> [Source material]

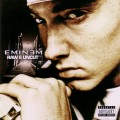 Buy Eminem - Raw & Uncut Mp3 Download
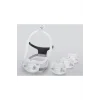 Respironics Dreamwear Full Face Cpap Medium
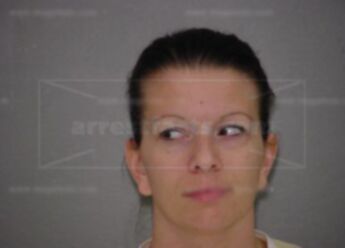 Amy Deann Henry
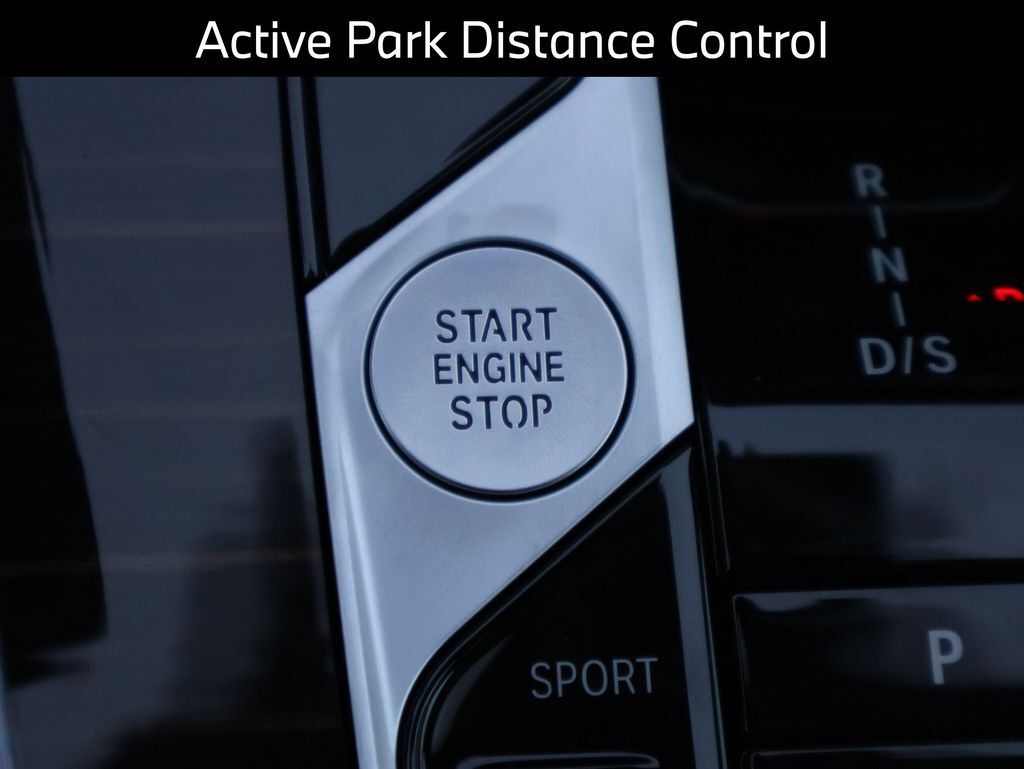 2026 BMW X5 xDrive40i San Clemente CA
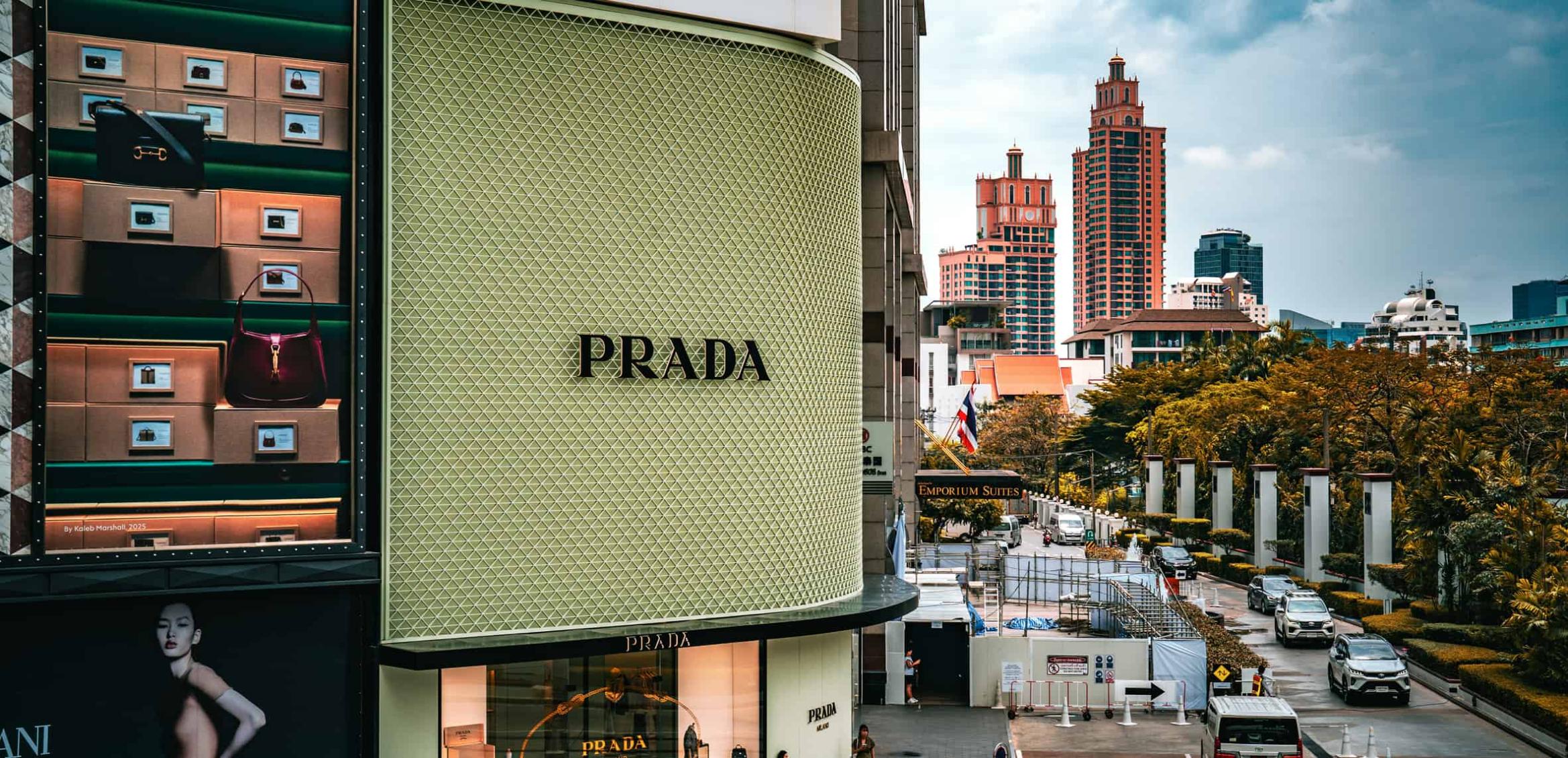 Дьявол носит Prada»: 19 лет спустя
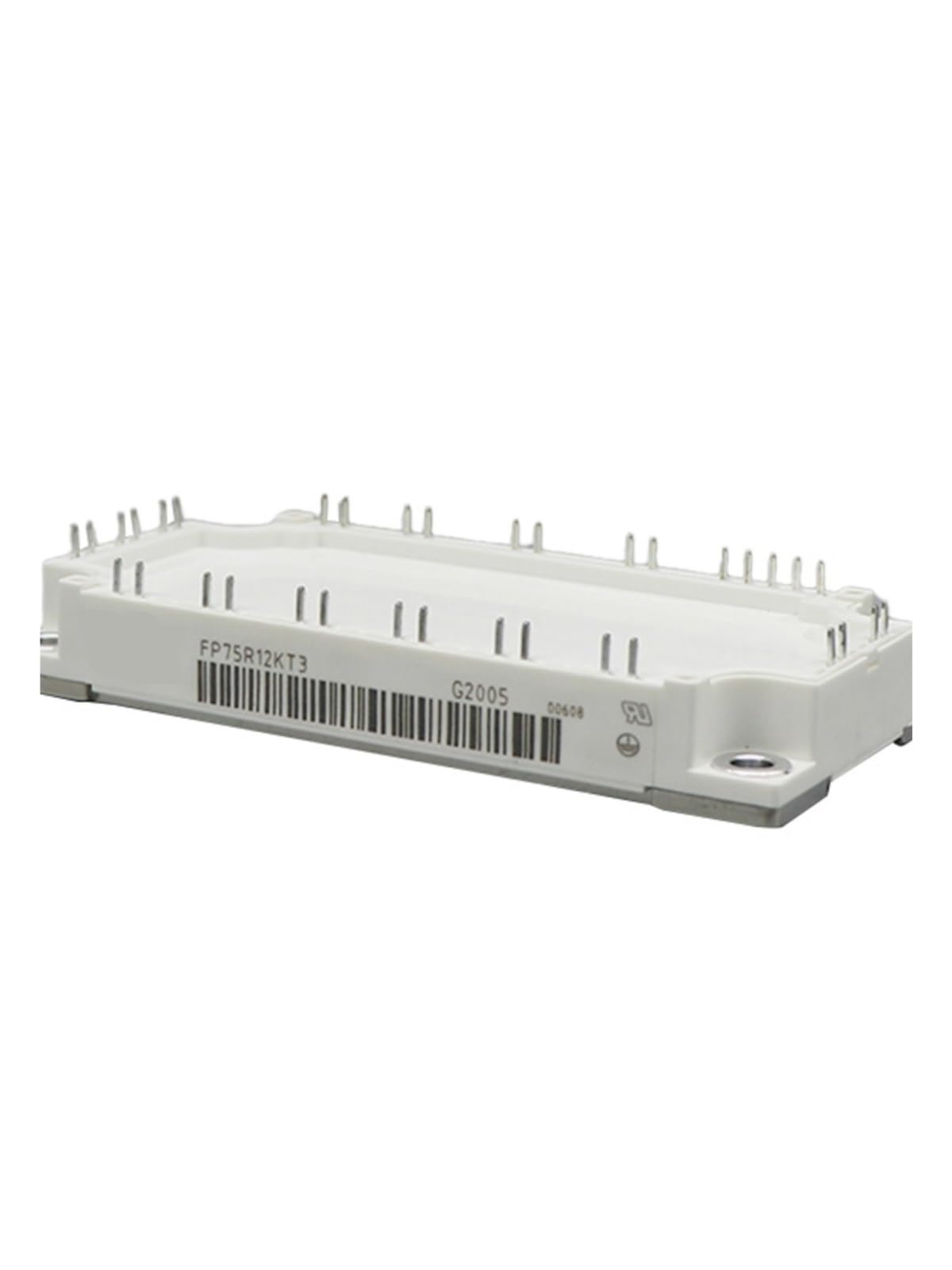 Fusible pour module de thyristor IGBT modèle FP75R12KT3 - 4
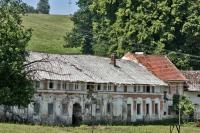 Vatětice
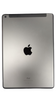 Apple iPad (9th Gen) 64GB *Unboxed*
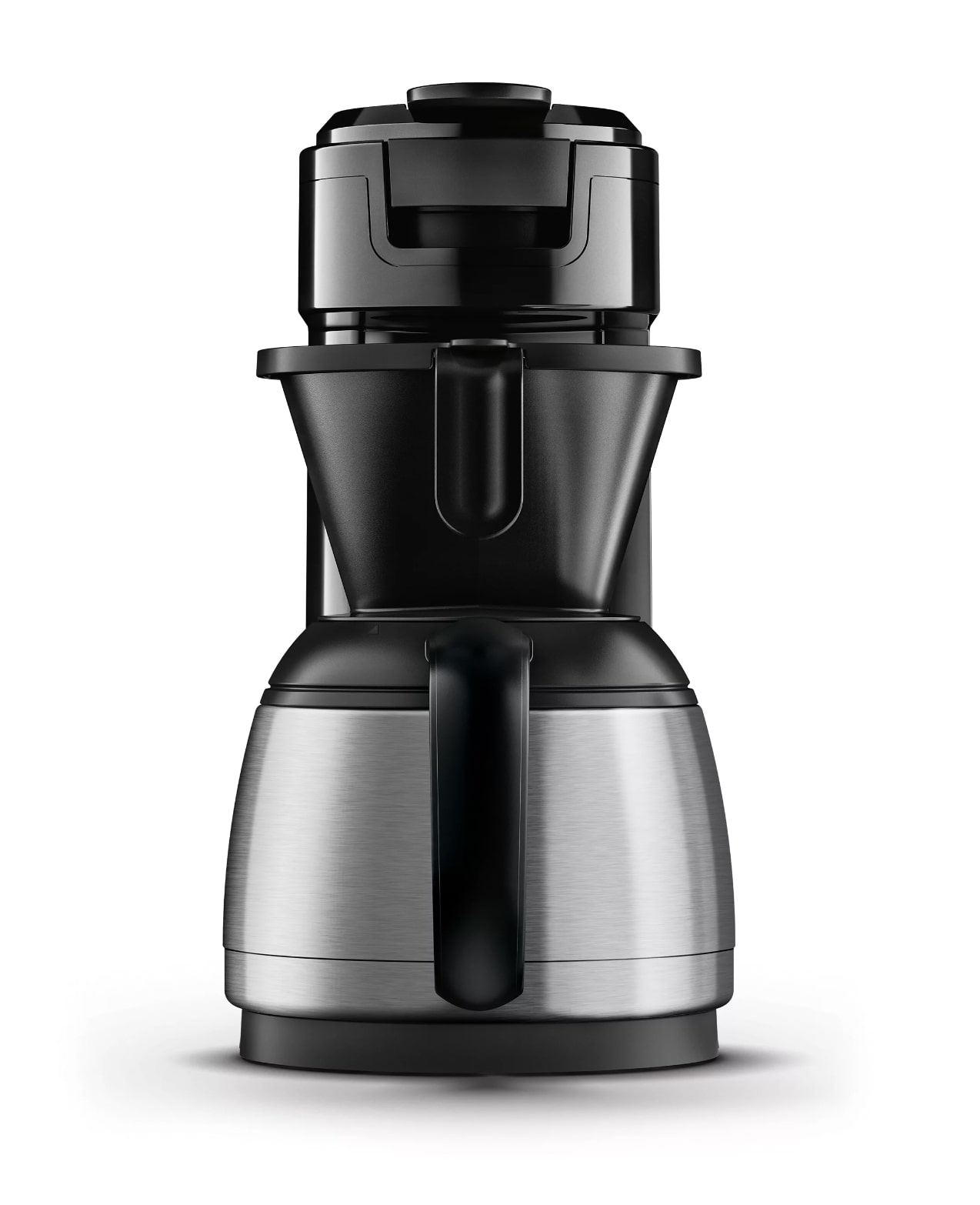 PHILIPS HD6592/64 capsule- / padmachine PHILIPS HD6592/64 capsule- / padmachine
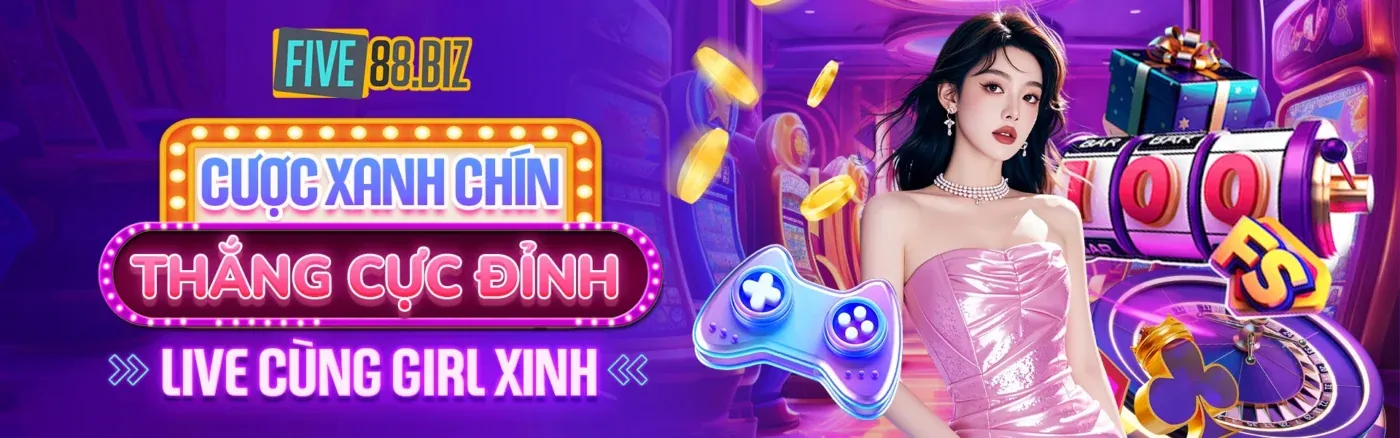 Cá Cược Thể Thao 3uin 2026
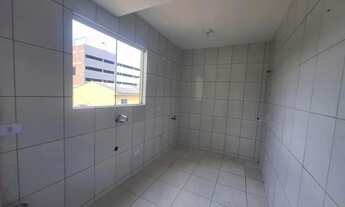 Imagem 5: Apartamento para Venda em Colombo, Fátima, 2 dormitórios, 1 banheiro, 1 vaga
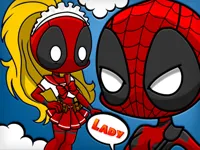 https://games.nageshthakur.com/game/lady-pool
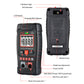 🌟Limited Sales - 49% OFF⚡Smart Digital Multimeter: Precision and Versatility in One Tool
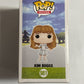 Edward Scissorhands - Kim Boggs Pop! Vinyl #981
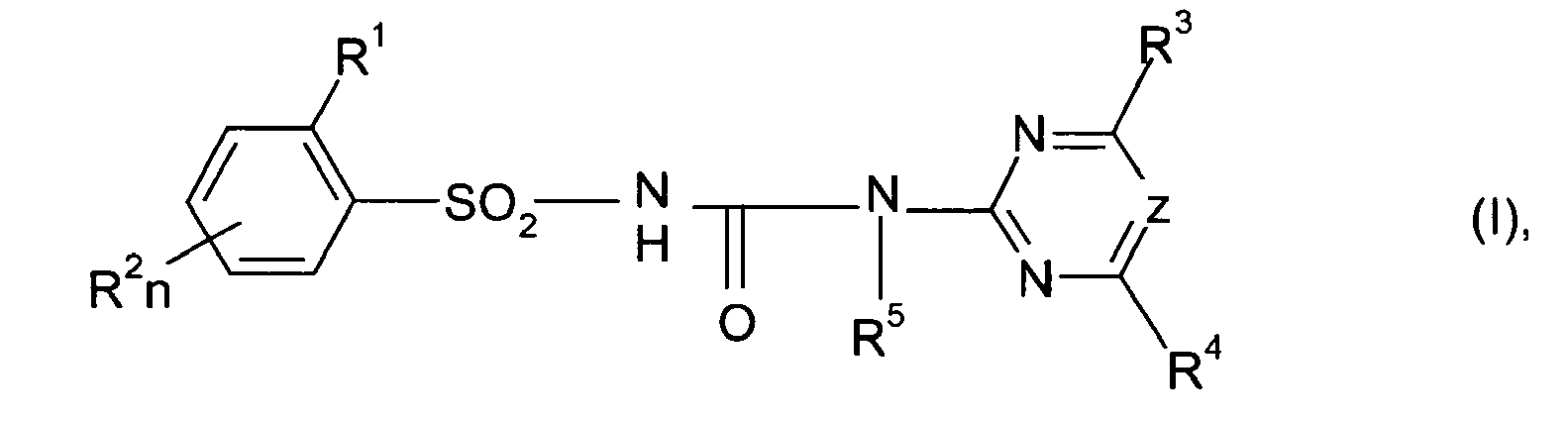 Figure imgb0001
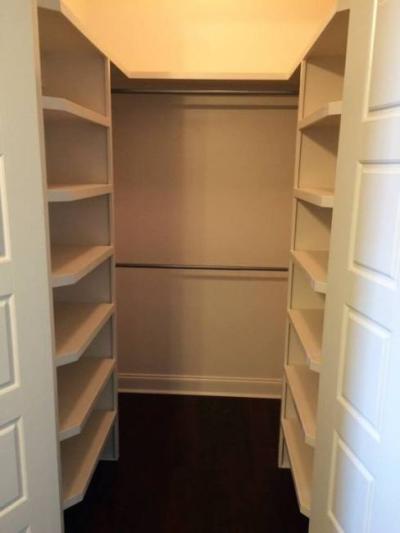 MODERNO ALQUILO DEPARTAMENTO EN surco av Benavides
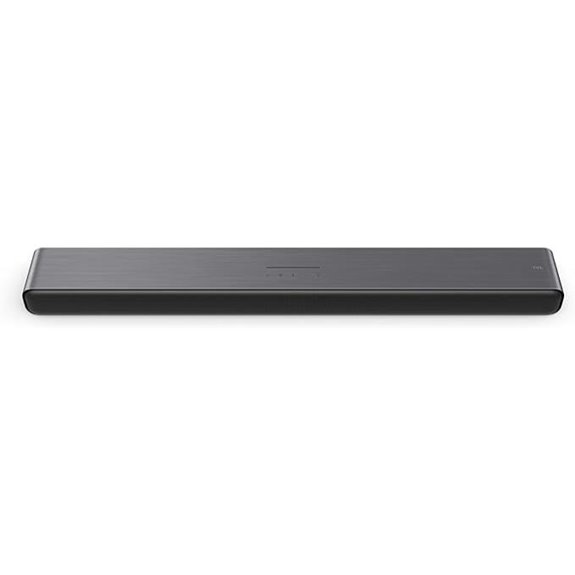 TCL S45H S Class Sound Bar with Dolby Atmos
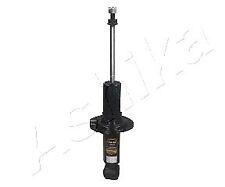 ASHIKA MA-70010 Shock Absorber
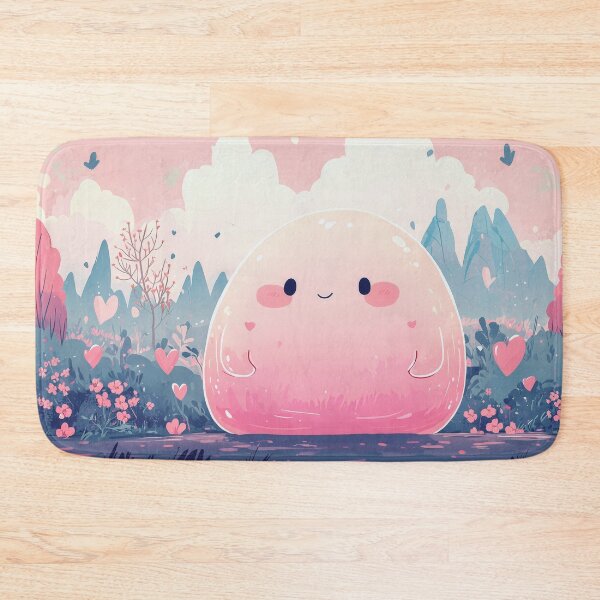 Item preview, Be Kind, Be Soft designed and sold by CHCOfficial.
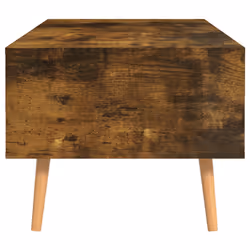 VidaXL 326794 coffee/side/end table - Additional view 6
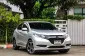 2015 Honda HR-V 1.8 E Limited รถเก๋ง 4 ประตู -0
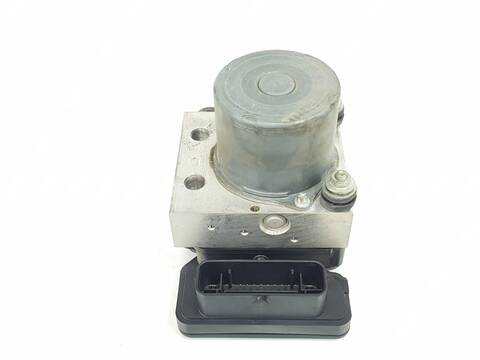 Abs Citroen Jumper 30 L1H1 BLUEHDI 110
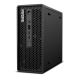 LENOVO ThinkStation P360 Ultra Premium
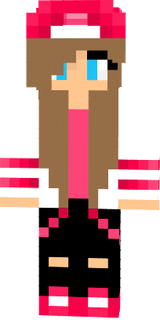 Morgs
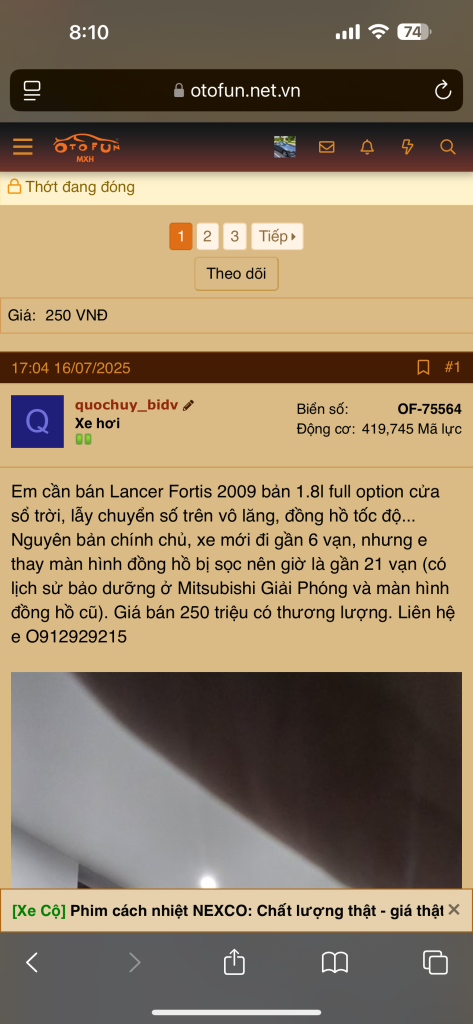 IMG_8460.png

> [Exercise goal]
Nothing but the lines from the one with "Amy Deann Henry" through the end of the entries above, both included, should be set down, exactly and without pictures.

> [Task result]
 Amy Deann Henry
 2026 BMW X5 xDrive40i San Clemente CA
 Дьявол носит Prada»: 19 лет спустя
 Fusible pour module de thyristor IGBT modèle FP75R12KT3 - 4
 Vatětice
 Apple iPad (9th Gen) 64GB *Unboxed*
 PHILIPS HD6592/64 capsule- / padmachine PHILIPS HD6592/64 capsule- / padmachine
 Cá Cược Thể Thao 3uin 2026
 Imagem 5: Apartamento para Venda em Colombo, Fátima, 2 dormitórios, 1 banheiro, 1 vaga
 https://games.nageshthakur.com/game/lady-pool
 🌟Limited Sales - 49% OFF⚡Smart Digital Multimeter: Precision and Versatility in One Tool
 Edward Scissorhands - Kim Boggs Pop! Vinyl #981
 Figure imgb0001
 MODERNO ALQUILO DEPARTAMENTO EN surco av Benavides
 TCL S45H S Class Sound Bar with Dolby Atmos
 ASHIKA MA-70010 Shock Absorber
 Item preview, Be Kind, Be Soft designed and sold by CHCOfficial.
 VidaXL 326794 coffee/side/end table - Additional view 6
 2015 Honda HR-V 1.8 E Limited รถเก๋ง 4 ประตู -0
 Abs Citroen Jumper 30 L1H1 BLUEHDI 110
 LENOVO ThinkStation P360 Ultra Premium
 Morgs
 IMG_8460.png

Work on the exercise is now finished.